The entries below contain a stretch that opens with the line containing "Aspirador de Pó" and closes with the line containing "Disney New Style"; set down that stretch exactly, both ends included, and nothing else.
---------- GIVEN RECORDS
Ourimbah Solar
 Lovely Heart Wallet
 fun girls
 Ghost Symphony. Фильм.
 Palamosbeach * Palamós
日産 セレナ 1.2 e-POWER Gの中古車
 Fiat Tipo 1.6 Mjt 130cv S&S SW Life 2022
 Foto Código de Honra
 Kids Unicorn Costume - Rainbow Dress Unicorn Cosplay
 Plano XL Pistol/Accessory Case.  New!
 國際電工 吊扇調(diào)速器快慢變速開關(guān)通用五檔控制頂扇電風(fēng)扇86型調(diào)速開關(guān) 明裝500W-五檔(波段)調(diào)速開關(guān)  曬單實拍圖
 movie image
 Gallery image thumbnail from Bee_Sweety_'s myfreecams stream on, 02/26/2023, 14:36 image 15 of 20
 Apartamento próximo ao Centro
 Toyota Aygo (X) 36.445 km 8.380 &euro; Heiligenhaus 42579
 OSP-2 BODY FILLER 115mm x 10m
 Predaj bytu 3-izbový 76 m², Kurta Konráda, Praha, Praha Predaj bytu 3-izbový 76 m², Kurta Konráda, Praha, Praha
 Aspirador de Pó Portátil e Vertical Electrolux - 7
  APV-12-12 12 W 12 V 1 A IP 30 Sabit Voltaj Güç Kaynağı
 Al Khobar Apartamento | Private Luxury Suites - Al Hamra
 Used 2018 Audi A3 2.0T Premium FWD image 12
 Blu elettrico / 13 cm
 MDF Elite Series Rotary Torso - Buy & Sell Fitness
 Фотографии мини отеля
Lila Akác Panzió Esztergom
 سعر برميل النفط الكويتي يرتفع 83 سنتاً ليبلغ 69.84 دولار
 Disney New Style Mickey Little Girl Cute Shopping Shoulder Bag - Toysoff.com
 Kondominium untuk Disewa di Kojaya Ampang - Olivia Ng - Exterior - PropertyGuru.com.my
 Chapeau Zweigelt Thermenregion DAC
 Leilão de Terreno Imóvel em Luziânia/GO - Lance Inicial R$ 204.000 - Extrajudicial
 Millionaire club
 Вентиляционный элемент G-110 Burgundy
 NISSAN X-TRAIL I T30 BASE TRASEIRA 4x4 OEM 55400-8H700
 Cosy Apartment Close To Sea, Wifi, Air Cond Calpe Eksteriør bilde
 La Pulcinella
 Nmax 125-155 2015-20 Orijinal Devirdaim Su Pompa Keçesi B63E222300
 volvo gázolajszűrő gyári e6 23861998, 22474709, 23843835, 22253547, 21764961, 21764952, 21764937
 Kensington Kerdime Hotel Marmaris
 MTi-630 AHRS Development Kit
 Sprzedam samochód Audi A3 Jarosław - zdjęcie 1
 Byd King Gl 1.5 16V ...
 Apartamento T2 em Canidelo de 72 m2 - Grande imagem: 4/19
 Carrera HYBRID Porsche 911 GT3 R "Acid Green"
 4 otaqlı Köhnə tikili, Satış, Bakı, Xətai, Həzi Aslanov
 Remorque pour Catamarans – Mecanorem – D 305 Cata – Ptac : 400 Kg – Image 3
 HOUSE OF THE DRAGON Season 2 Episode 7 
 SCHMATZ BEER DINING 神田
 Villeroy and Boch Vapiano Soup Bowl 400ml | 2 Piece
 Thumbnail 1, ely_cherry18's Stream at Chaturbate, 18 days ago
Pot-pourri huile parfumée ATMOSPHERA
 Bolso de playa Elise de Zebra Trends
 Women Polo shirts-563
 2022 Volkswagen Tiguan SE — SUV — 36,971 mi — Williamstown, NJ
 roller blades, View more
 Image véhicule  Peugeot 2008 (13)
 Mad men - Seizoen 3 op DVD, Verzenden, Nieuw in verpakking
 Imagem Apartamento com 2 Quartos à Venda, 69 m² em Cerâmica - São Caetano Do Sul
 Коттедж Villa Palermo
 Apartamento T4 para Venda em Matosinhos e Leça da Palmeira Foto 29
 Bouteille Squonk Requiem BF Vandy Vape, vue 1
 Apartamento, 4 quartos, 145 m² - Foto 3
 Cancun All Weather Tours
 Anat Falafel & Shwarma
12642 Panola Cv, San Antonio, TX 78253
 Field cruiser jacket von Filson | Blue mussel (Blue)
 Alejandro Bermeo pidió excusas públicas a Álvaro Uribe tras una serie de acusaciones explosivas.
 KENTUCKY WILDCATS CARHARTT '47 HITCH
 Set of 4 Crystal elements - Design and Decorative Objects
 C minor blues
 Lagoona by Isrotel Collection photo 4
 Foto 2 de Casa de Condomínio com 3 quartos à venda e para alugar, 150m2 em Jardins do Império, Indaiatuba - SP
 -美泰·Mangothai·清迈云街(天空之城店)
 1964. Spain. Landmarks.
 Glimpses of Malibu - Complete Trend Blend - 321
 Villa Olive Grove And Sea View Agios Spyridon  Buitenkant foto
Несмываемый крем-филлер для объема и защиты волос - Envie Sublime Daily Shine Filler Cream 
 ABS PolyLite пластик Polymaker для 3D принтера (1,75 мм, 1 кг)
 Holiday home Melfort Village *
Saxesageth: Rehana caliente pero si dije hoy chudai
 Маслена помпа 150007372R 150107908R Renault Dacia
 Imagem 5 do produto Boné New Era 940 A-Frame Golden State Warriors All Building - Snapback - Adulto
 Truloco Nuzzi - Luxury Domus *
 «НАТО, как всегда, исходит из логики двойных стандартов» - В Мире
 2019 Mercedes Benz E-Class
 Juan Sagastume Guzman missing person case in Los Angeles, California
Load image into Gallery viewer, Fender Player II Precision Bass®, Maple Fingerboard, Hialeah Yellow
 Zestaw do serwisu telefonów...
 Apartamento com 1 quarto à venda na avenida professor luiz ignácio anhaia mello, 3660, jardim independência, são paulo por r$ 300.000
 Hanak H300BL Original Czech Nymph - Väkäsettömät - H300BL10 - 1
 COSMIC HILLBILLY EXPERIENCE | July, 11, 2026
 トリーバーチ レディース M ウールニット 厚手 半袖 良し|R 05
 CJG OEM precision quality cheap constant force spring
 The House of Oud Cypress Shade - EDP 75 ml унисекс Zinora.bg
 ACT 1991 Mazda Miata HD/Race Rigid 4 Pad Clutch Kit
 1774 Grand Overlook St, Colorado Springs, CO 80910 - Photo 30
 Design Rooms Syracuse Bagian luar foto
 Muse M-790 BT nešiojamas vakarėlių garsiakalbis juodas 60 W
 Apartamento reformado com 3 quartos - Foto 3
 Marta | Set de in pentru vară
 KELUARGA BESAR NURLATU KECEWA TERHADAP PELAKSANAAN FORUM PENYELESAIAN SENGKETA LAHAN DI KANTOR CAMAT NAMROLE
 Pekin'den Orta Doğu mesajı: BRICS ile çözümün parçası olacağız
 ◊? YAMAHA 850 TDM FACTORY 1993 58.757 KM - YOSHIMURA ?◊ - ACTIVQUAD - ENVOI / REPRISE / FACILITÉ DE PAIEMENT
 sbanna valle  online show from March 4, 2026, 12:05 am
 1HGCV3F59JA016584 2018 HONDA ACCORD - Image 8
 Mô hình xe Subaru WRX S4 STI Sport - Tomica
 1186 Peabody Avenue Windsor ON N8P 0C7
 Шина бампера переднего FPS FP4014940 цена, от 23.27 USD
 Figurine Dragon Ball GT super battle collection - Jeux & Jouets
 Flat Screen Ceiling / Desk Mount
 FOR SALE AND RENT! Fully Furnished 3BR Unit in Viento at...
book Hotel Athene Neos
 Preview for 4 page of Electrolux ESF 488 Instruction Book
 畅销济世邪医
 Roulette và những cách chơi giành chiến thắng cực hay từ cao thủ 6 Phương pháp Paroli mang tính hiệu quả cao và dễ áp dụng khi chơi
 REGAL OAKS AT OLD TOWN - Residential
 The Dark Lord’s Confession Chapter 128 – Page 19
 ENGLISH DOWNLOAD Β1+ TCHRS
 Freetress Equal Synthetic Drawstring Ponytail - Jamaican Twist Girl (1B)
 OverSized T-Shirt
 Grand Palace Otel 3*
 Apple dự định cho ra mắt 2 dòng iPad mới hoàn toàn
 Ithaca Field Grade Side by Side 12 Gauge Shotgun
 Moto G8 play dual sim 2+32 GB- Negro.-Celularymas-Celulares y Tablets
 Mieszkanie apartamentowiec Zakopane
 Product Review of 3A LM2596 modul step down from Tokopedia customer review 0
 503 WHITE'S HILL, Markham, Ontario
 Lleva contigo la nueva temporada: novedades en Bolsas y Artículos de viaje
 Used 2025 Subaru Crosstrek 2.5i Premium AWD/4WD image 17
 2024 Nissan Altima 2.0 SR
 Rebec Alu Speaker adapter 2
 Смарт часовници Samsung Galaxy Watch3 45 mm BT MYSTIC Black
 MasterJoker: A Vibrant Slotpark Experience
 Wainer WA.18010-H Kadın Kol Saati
--------------------
◆ TASK SOLUTION:
 Aspirador de Pó Portátil e Vertical Electrolux - 7
  APV-12-12 12 W 12 V 1 A IP 30 Sabit Voltaj Güç Kaynağı
 Al Khobar Apartamento | Private Luxury Suites - Al Hamra
 Used 2018 Audi A3 2.0T Premium FWD image 12
 Blu elettrico / 13 cm
 MDF Elite Series Rotary Torso - Buy & Sell Fitness
 Фотографии мини отеля
Lila Akác Panzió Esztergom
 سعر برميل النفط الكويتي يرتفع 83 سنتاً ليبلغ 69.84 دولار
 Disney New Style Mickey Little Girl Cute Shopping Shoulder Bag - Toysoff.com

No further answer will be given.